On aurait dit que quelqu’un avait dessiné quelque chose sur un mur gris, des fleurs peut-être. Il s’agit d’une timide jeune fille ukrainienne nommée Zinayida, qui vient d’avoir 21 ans et qui est en quatrième année d’étude de la langue et de la littérature françaises à l’Université Nationale de Tchernivtsi. Elle parle tellement de langues que je ne pourrais même pas les compter. Sa mère roumaine et son père ukrainien sont déjà deux bonnes raisons d’être au moins bilingue. Même si elle vit près de la frontière avec la Roumanie, elle n’y es jamais allée. En fait, elle n’a jamais voyagé, n’a jamais quitté son pays.
Comme un aigle !
Dans son village, elle a beaucoup d’animaux, alors je lui ai demandé, si elle avait pu choisir, quel animal elle aurait aimé être. Tout d’un coup, elle a dit : « un aigle ! » Pour elle, c’est un animal merveilleux, très fort, qui peut voler incroyablement haut et traverser de longues distances sans s’arrêter. Ce qu’elle admire le plus, c’est la perspective de l’aigle et la largeur de ses ailes.

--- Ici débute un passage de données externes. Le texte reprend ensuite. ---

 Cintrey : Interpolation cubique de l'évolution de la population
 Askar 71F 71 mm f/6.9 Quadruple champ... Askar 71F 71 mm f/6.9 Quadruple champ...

Comme nous étudions toutes les deux la littérature, nous avons parlé de livres. Son écrivain français préféré est Antoine de Saint-Exupéry, qui est aussi pilote. Elle semblait tout à fait obsédée par le vol. Elle a lu Le Petit Prince en quatre langues et le raconte souvent à sa petite sœur. Je lui ai parlé de la mort étrange de l’auteur, qui a été tué par un pilote allemand qui admirait le travail de l’écrivain français et qui plus tard, quand il a découvert qu’il avait fait écraser son avion, a dit qu’il ne l’aurait jamais fait s’il avait su qui était dedans. Cette histoire l’a rendue triste.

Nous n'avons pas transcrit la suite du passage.